- _About this exercise_: Print the lines exactly. Start at the first line of the material below, end with the line that contains "Then you can", and skip all pictures.

- _Raw data_:

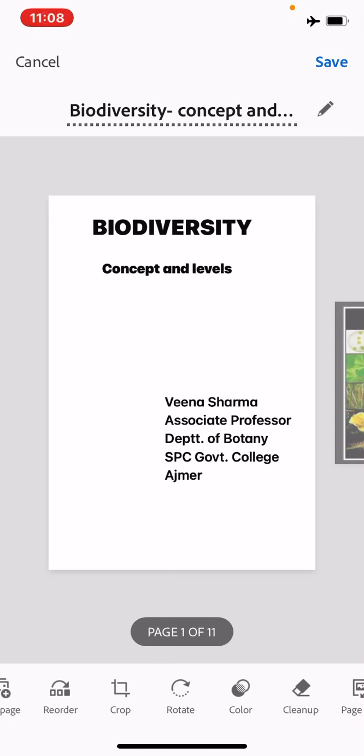Hello students, myself Veena Sharma, Associate Professor, Department of Botany, SPC Government College, Ajmer. Today we will discuss about biodiversity, which is part of the syllabus of Paper 14th of 4th Semester of MSc Botany.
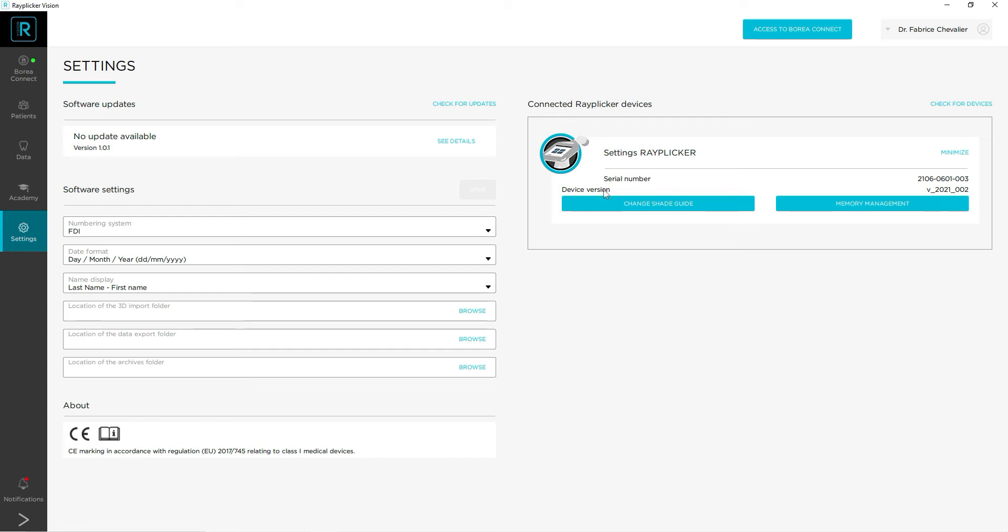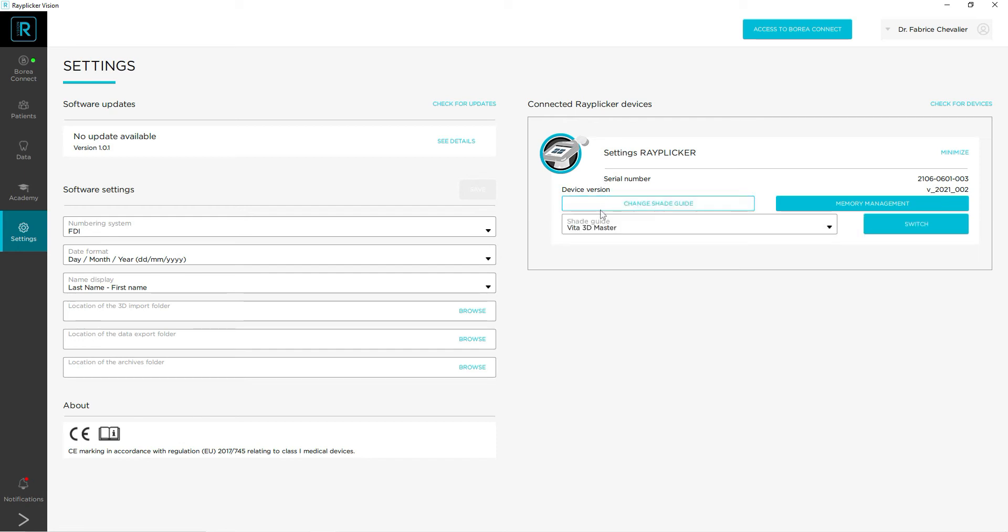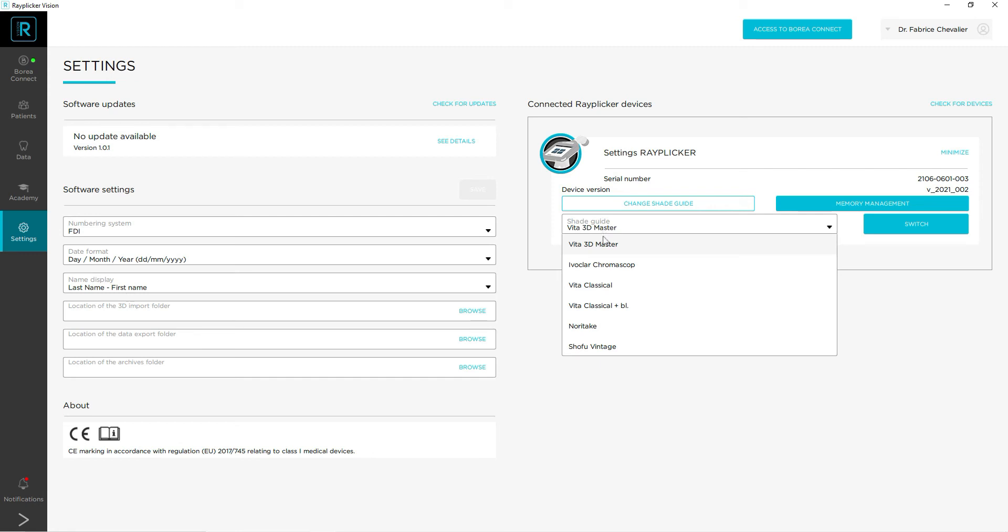Then you can click on the change shape guide icon. You will see a scrolling list appear. You can then select the new reference shape guide on your Replica Handy from among those proposed.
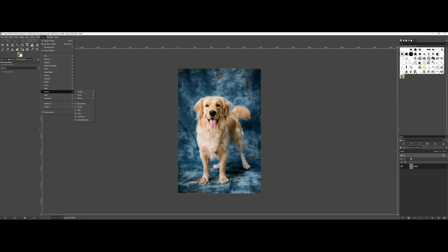So I encourage you: grab a photo, play around with them, and see what you can come up with.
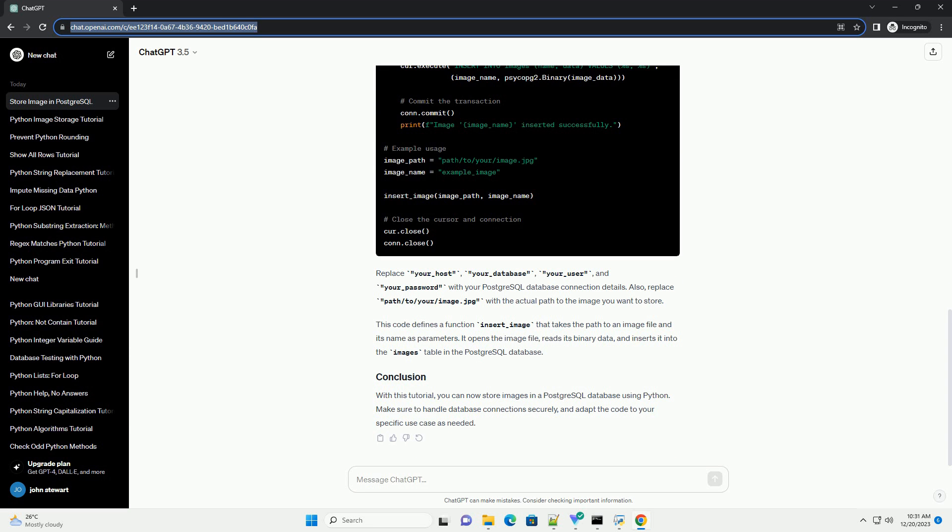This code defines a function insert_image that takes the path to an image file and its name as parameters. It opens the image file, reads its binary data, and inserts it into the images table in the PostgreSQL database.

- _Output_:
Hello students, myself Veena Sharma, Associate Professor, Department of Botany, SPC Government College, Ajmer. Today we will discuss about biodiversity, which is part of the syllabus of Paper 14th of 4th Semester of MSc Botany.
Then you can click on the change shape guide icon. You will see a scrolling list appear. You can then select the new reference shape guide on your Replica Handy from among those proposed.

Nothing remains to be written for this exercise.